A medical laboratory scientist (MLS), often known as a medical technologist or clinical laboratory scientist, analyzes a wide range of biological samples. They are in charge of doing scientific tests on samples and communicating the results to physicians.
What does a medical laboratory scientist do?
Medical laboratory experts use sophisticated technology such as microscopes to perform complicated tests on patient samples. The information they discover is critical in detecting and treating cancer, heart disease, diabetes, and other medical problems. It is believed that 60 to 70% of all choices on a patient’s diagnosis, treatment, hospital admission, and discharge are dependent on the findings of the tests performed by medical laboratory scientists.
Medical laboratory scientist vs. medical laboratory technician
A medical laboratory scientist and a medical lab technician are similar, yet there are a few important distinctions. They both operate in laboratories and conduct tests on biological materials; but, a medical lab scientist generally has more schooling and can undertake more complicated lab work. A medical lab technician is responsible for more regular lab work and is frequently overseen by a medical lab scientist.
Medical laboratory scientist vs. medical laboratory assistant
Medical laboratory assistants are a subset of medical laboratory technicians. They are in charge of preparing biological specimens, documenting data, and performing additional lab maintenance chores like cleaning equipment and replenishing supplies. A medical laboratory scientist will collaborate with a medical laboratory assistant to analyze prepared specimens and convey information for them to record.
Medical lab scientists work in hospitals, clinics, forensic or public health laboratories, pharmaceutical corporations, biotechnology firms, veterinary clinics, or research organizations. Their work hours may vary depending on the location, although labs are generally open 24 hours a day, seven days a week. This provides for schedule flexibility.

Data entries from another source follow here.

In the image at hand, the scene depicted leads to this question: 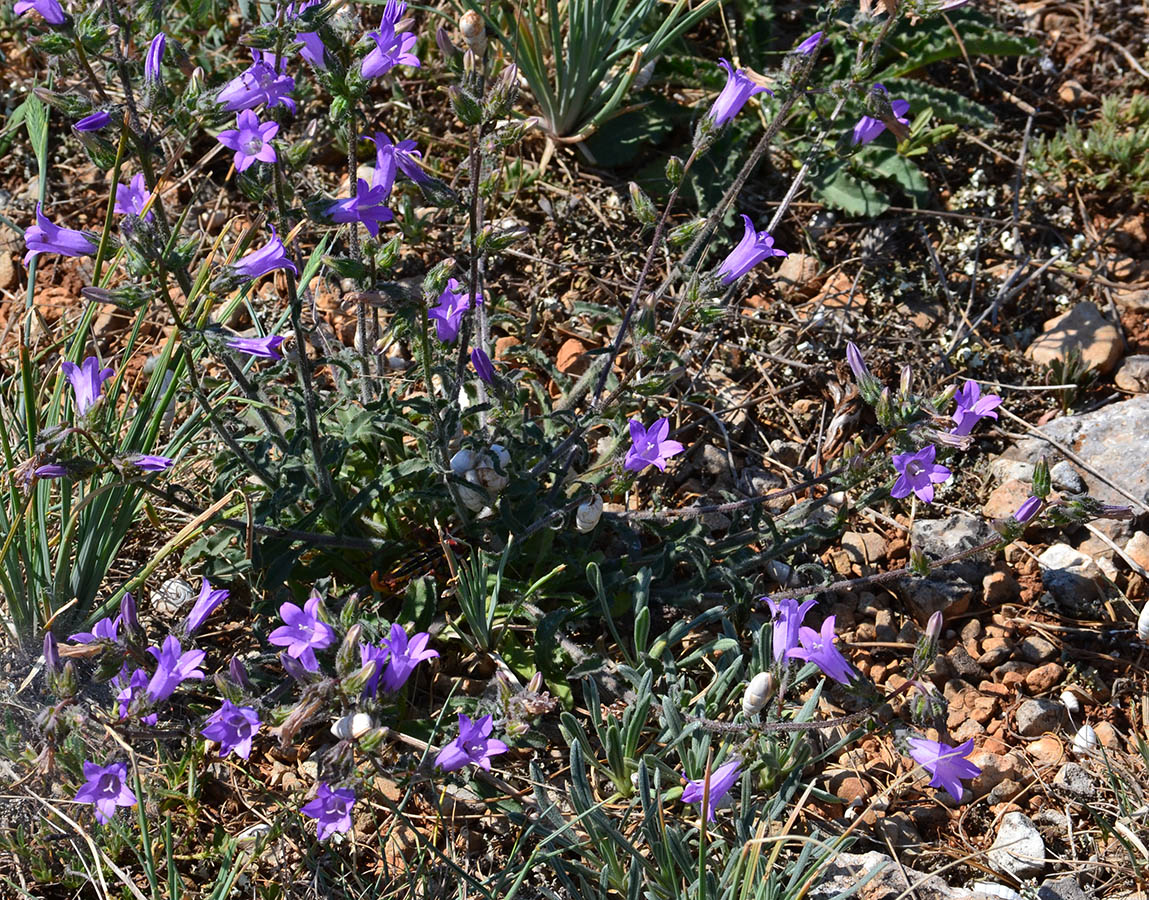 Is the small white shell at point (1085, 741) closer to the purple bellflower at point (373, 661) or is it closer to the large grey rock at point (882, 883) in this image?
the large grey rock at point (882, 883)

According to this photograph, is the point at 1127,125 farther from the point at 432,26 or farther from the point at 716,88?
the point at 432,26

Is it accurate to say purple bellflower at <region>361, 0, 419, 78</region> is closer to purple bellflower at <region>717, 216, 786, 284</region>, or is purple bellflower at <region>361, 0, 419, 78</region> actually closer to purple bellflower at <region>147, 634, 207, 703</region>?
purple bellflower at <region>717, 216, 786, 284</region>

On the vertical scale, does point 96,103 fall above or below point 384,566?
above

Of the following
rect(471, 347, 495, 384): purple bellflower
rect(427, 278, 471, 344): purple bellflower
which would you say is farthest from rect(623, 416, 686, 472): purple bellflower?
rect(427, 278, 471, 344): purple bellflower


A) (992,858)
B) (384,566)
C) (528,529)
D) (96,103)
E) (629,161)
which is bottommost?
(992,858)

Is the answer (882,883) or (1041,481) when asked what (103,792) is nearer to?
(882,883)

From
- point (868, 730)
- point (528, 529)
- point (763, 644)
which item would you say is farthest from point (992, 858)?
point (528, 529)

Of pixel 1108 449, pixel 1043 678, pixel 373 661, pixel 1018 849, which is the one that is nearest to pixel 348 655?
pixel 373 661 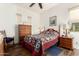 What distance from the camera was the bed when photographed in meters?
1.84

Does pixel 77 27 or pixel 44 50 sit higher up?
pixel 77 27

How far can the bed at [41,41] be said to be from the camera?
184 cm

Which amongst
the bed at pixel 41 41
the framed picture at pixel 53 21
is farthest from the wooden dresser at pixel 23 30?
the framed picture at pixel 53 21

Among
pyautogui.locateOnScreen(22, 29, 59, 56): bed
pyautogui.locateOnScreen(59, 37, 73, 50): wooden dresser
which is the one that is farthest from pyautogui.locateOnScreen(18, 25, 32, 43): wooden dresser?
pyautogui.locateOnScreen(59, 37, 73, 50): wooden dresser

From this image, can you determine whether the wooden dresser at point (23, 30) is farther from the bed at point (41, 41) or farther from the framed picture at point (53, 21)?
the framed picture at point (53, 21)

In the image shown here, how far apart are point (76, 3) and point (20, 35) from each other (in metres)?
1.08

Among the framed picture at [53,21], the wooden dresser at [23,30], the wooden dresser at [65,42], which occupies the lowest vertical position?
the wooden dresser at [65,42]

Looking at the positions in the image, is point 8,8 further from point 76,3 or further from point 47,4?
point 76,3

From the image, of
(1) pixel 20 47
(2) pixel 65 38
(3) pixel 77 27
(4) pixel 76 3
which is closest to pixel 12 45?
(1) pixel 20 47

The majority of medical laboratory scientists work on their feet, evaluating test findings in the lab.
Becoming a medical laboratory scientist
Successful medical lab scientists are good communicators with strong intellect and a passion for science and technology. Excellent eye-hand coordination, dexterity, and visual acuity are required to conduct and evaluate tests skillfully.
Individuals who enjoy science and research but wish to have little to no contact with patients might be a good match for a career as a medical laboratory scientist.
Higher education requirements
Most people who get a high school diploma (or the equivalent) will go on to pursue some degree of higher education and training to become a medical laboratory scientist.
The following are common higher education requirements for medical laboratory scientist jobs:
- Completing a bachelor’s degree in medical technology or clinical laboratory science. A bachelor’s degree in a science or health-related field (e.g. chemistry or microbiology) may also be considered.
- Completing a clinical laboratory program or internship through a hospital-based program or as part of their education
- National certification as a medical technologist (MT), clinical laboratory scientist (CLS), or medical laboratory scientist (MLS)
- Previous experience in a health care setting
Certification and licensing
The majority of companies need medical laboratory scientists to be certified by an accrediting organization, such as the American Society for Clinical Pathology (ASCP) Board of Certification (BOC). Medical laboratory scientists (MLS) can practice under the credentials of MLS(ASCP)CM after completing the credentialing test.
State licensure may also be necessary.
Career opportunities and outlook
A medical lab scientist’s typical pay is $54,000, however, wages can range from $31,000 to $83,000 based on degree, region, and previous experience.
Medical laboratory technologists and scientists have a high rate of job growth and security. According to the Bureau of Labor Statistics, there is presently a scarcity of medical lab technicians and scientists in many regions of the country, ensuring plenty of job possibilities and, in certain cases, higher pay for graduates. With the number of laboratory tests projected to expand faster than usual owing to population expansion and the development of new types of tests, job possibilities are expected to grow faster than average, with over 24,000 new positions expected to be available by 2029.
A medical lab scientist can advance to the position of a department head or lab manager with extra training and experience. Others may pursue specialties to enhance their professions. With more training, a medical lab technician will often advance to the position of medical lab scientist.